##### Provided data #####

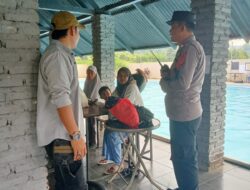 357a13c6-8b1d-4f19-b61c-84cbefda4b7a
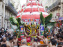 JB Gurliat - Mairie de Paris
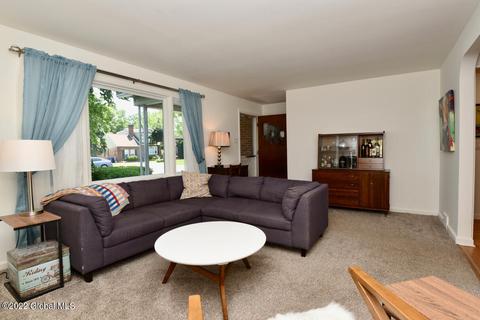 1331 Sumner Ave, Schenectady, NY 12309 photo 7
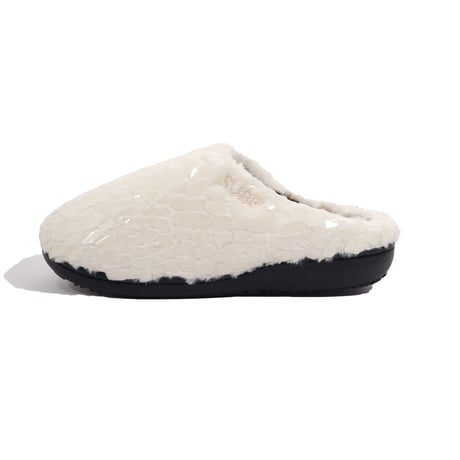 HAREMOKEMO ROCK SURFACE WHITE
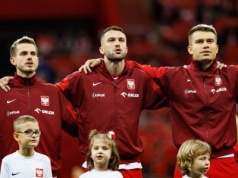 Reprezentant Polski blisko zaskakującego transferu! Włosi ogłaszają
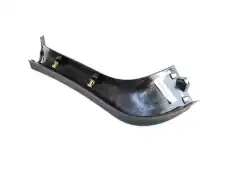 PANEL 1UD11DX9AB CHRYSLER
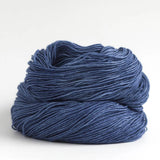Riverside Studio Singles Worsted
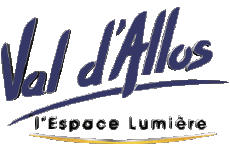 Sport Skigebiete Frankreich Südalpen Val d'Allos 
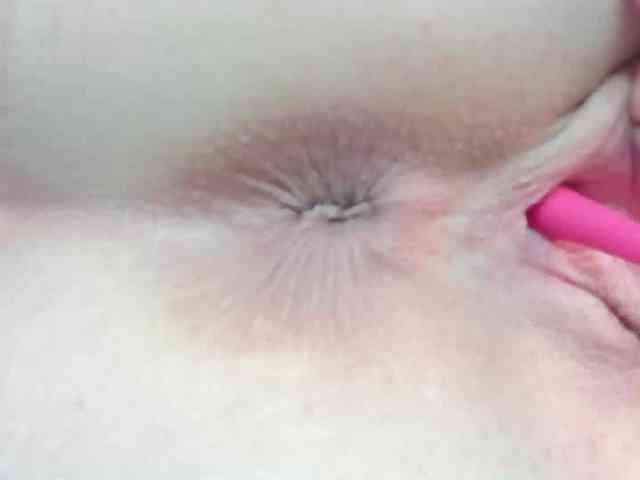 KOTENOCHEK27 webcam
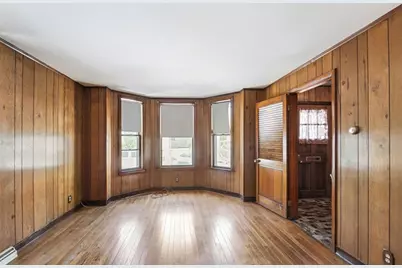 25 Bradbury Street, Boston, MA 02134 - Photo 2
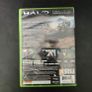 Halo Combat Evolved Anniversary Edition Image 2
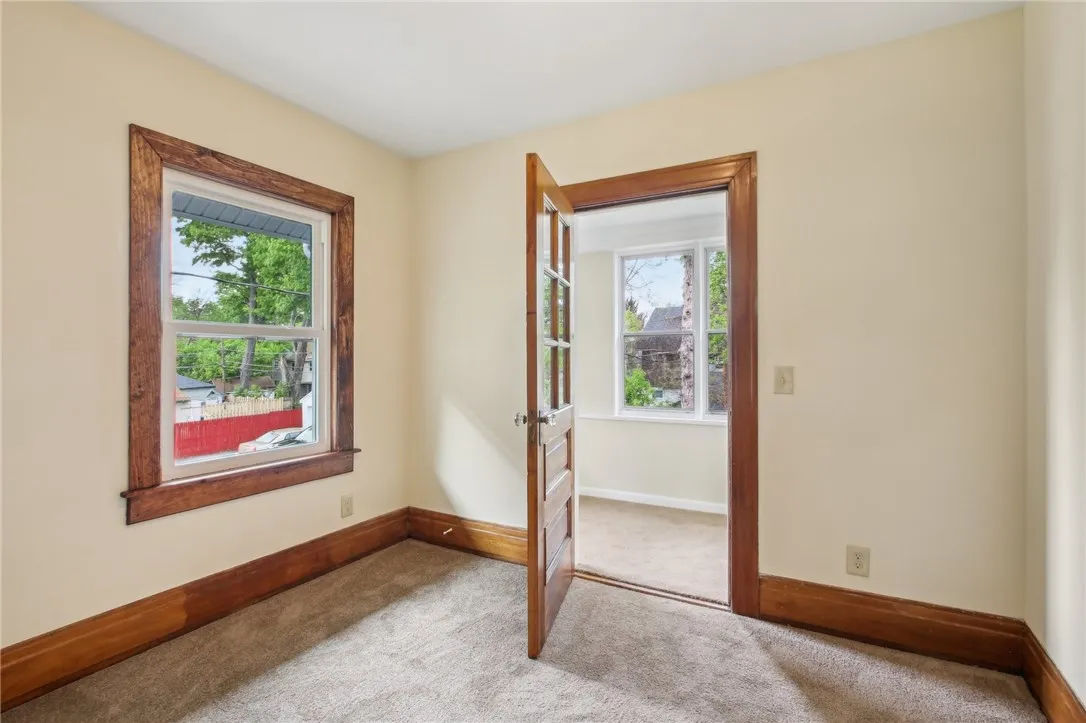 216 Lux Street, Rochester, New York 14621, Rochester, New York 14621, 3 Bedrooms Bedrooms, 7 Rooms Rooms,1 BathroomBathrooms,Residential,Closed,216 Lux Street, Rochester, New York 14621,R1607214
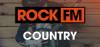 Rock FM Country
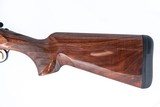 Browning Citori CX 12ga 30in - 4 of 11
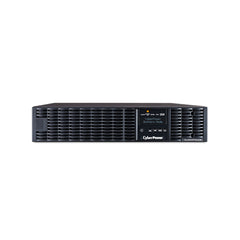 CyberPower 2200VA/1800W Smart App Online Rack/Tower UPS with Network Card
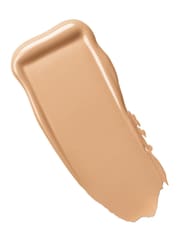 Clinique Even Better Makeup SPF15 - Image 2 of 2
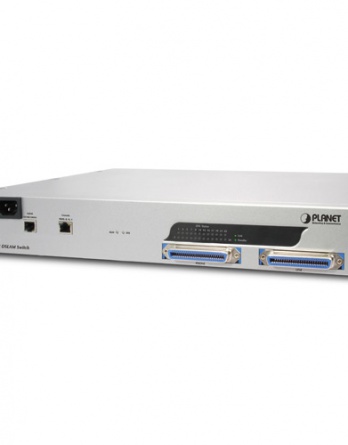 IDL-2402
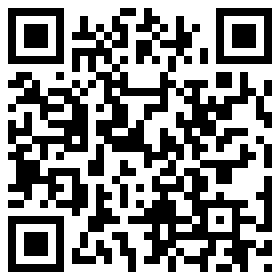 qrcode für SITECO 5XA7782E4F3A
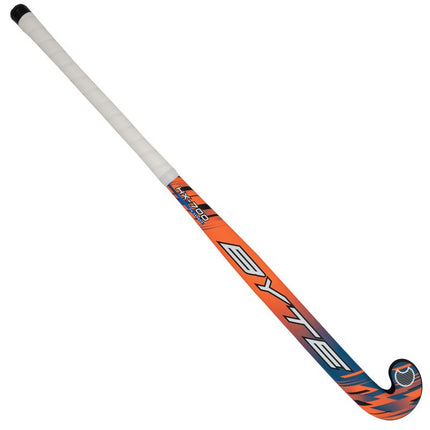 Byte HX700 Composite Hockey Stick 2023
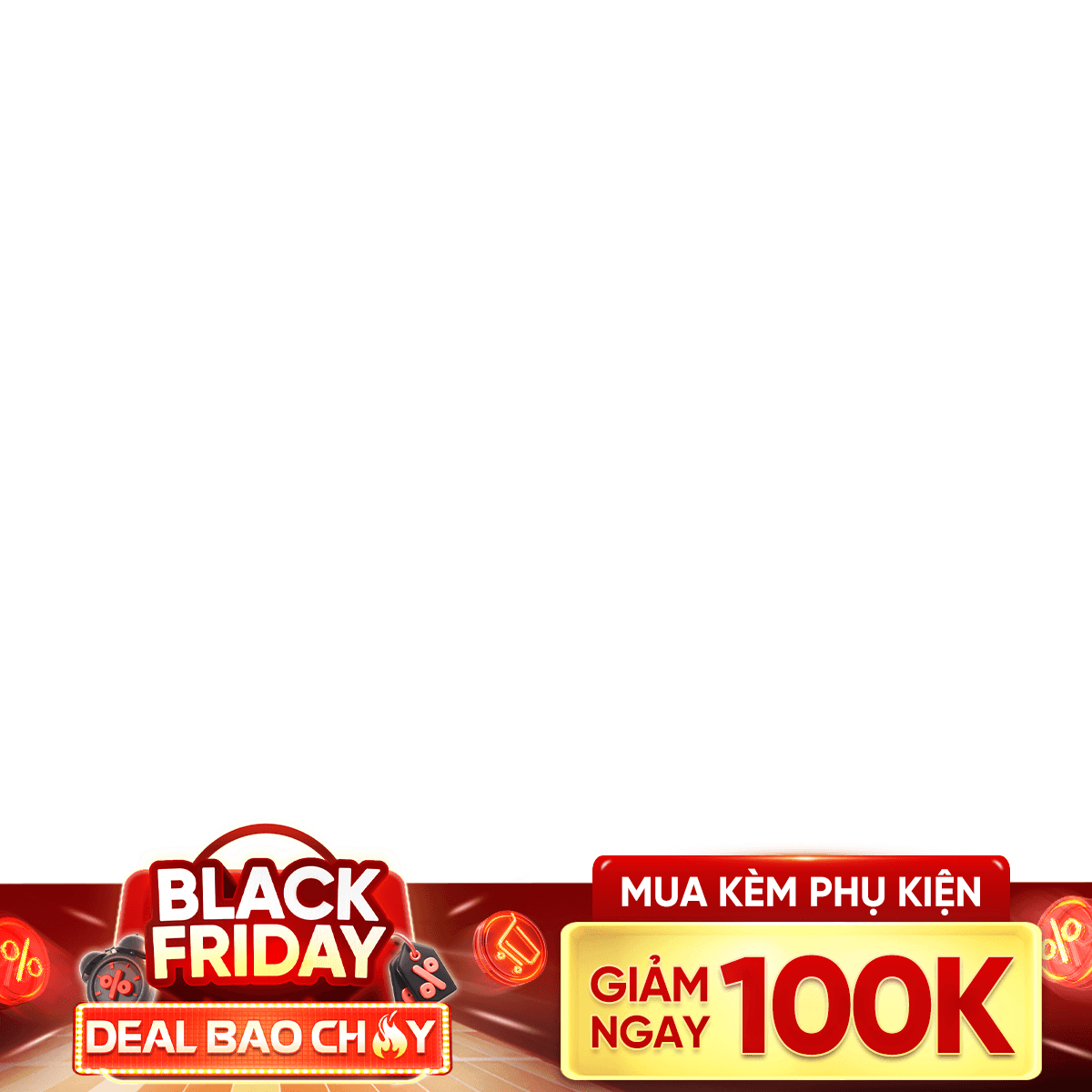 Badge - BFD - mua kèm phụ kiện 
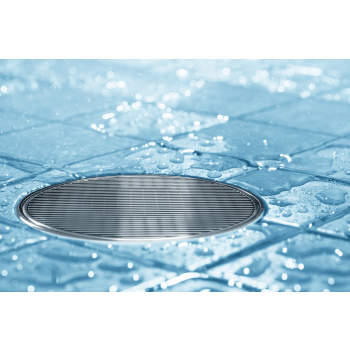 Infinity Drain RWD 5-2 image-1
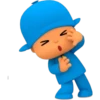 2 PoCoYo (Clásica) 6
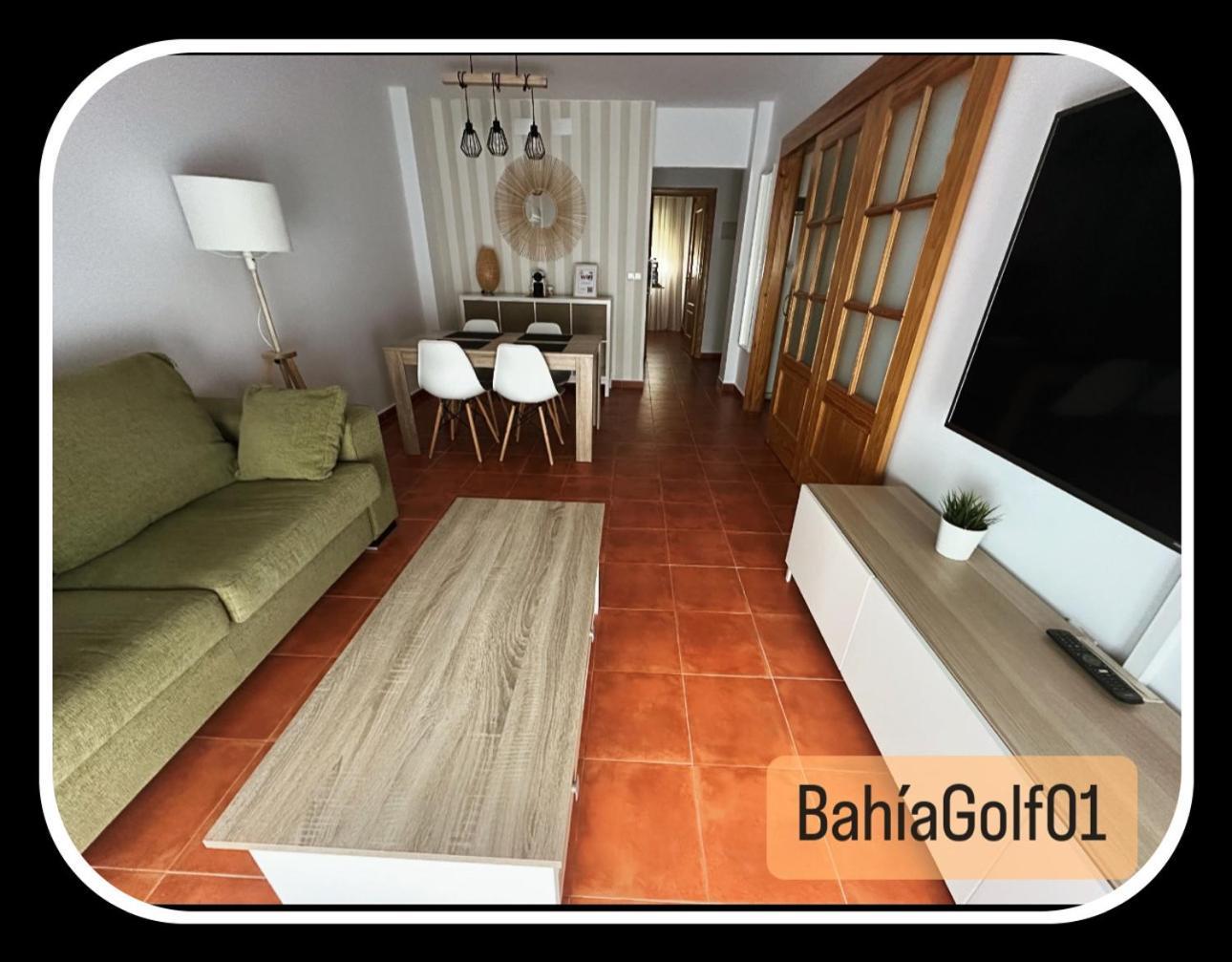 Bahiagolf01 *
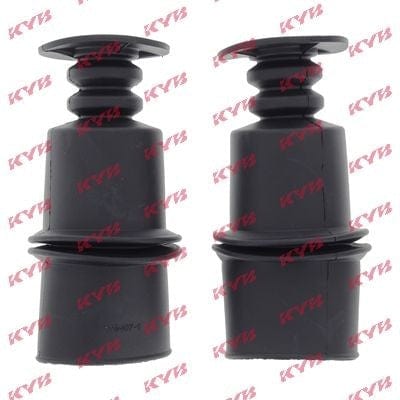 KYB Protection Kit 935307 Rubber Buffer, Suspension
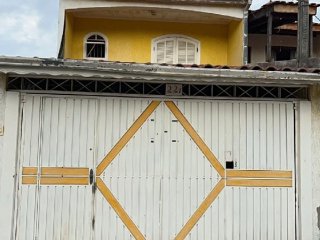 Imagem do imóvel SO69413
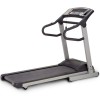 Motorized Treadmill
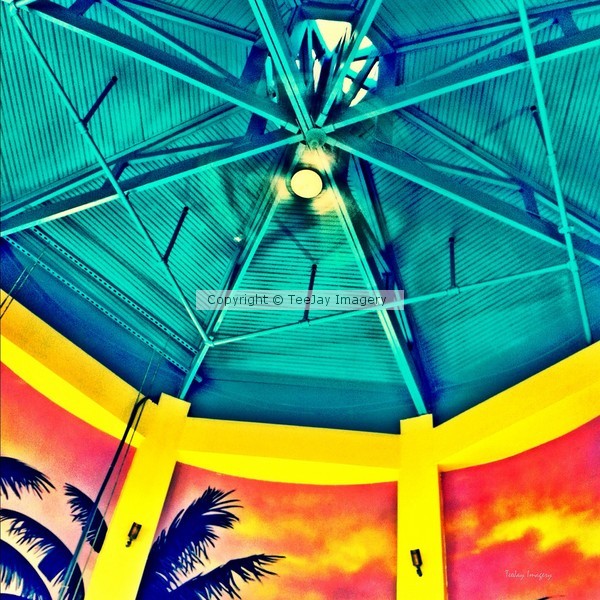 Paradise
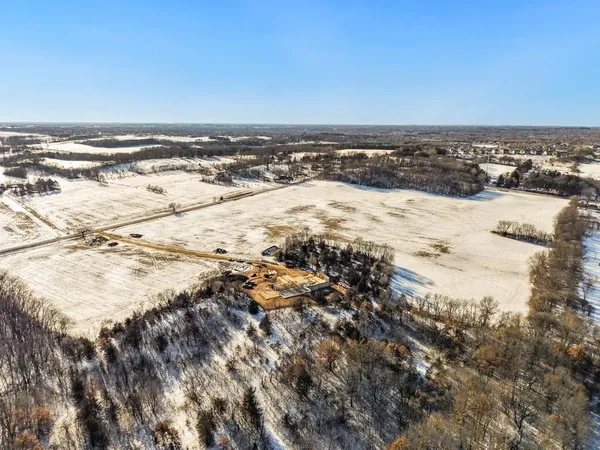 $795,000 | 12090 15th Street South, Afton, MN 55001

#####

__The problem__: Each record is to be written out exactly. No picture goes in.

__Exercise answer__:
 357a13c6-8b1d-4f19-b61c-84cbefda4b7a
 JB Gurliat - Mairie de Paris
 1331 Sumner Ave, Schenectady, NY 12309 photo 7
 HAREMOKEMO ROCK SURFACE WHITE
 Reprezentant Polski blisko zaskakującego transferu! Włosi ogłaszają
 PANEL 1UD11DX9AB CHRYSLER
Riverside Studio Singles Worsted
 Sport Skigebiete Frankreich Südalpen Val d'Allos 
 KOTENOCHEK27 webcam
 25 Bradbury Street, Boston, MA 02134 - Photo 2
 Halo Combat Evolved Anniversary Edition Image 2
 216 Lux Street, Rochester, New York 14621, Rochester, New York 14621, 3 Bedrooms Bedrooms, 7 Rooms Rooms,1 BathroomBathrooms,Residential,Closed,216 Lux Street, Rochester, New York 14621,R1607214
 Rock FM Country
 Browning Citori CX 12ga 30in - 4 of 11
 CyberPower 2200VA/1800W Smart App Online Rack/Tower UPS with Network Card
 Clinique Even Better Makeup SPF15 - Image 2 of 2
 IDL-2402
 qrcode für SITECO 5XA7782E4F3A
 Byte HX700 Composite Hockey Stick 2023
 Badge - BFD - mua kèm phụ kiện 
 Infinity Drain RWD 5-2 image-1
 2 PoCoYo (Clásica) 6
 Bahiagolf01 *
 KYB Protection Kit 935307 Rubber Buffer, Suspension
 Imagem do imóvel SO69413
 Motorized Treadmill
 Paradise
 $795,000 | 12090 15th Street South, Afton, MN 55001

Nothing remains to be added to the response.